─── Extracted data ───

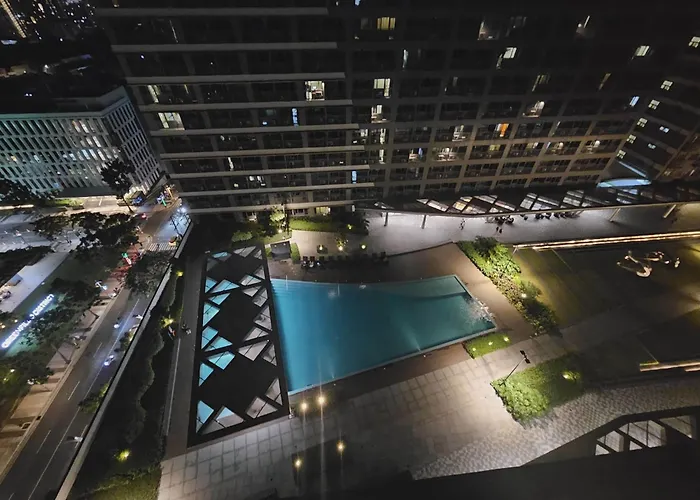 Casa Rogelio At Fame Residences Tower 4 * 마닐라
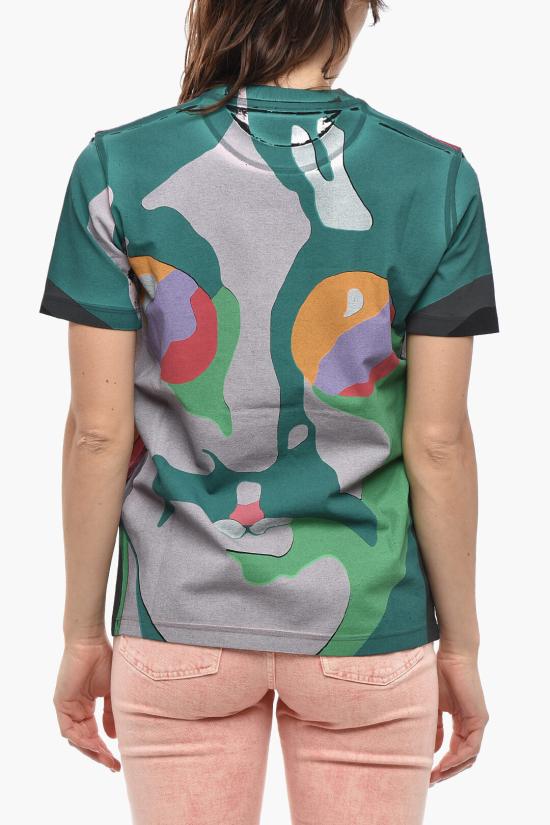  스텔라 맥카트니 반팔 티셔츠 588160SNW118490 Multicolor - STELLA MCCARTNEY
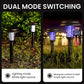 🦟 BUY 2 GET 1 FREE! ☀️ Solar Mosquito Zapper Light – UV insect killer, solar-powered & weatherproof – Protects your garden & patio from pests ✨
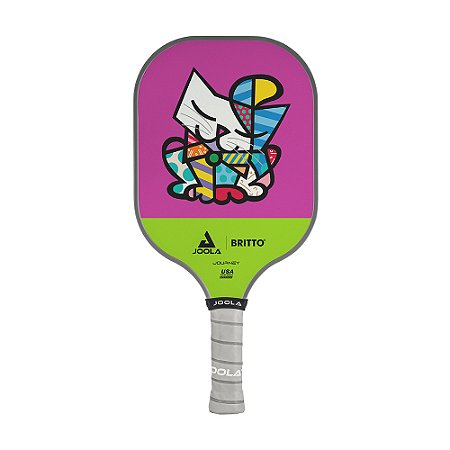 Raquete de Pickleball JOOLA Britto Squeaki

───
─── Extracted data ───

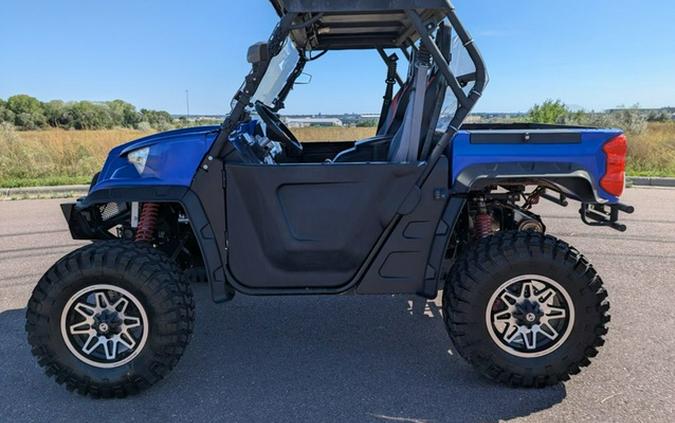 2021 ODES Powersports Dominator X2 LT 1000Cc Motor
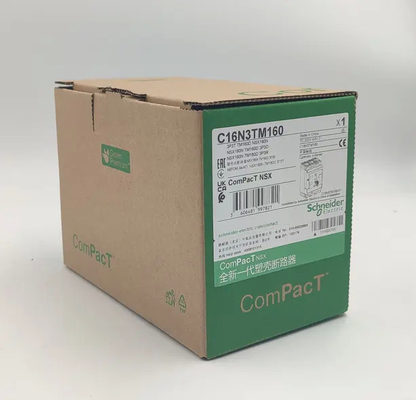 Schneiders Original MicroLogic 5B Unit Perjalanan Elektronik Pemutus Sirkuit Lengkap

───

The lines above starting at the one that holds "2021 ODES Powersports" and ending at the one that holds "Schneiders Original MicroLogic" are to be written out exactly, ends included, and no pictures are to be copied.

 2021 ODES Powersports Dominator X2 LT 1000Cc Motor
 Schneiders Original MicroLogic 5B Unit Perjalanan Elektronik Pemutus Sirkuit Lengkap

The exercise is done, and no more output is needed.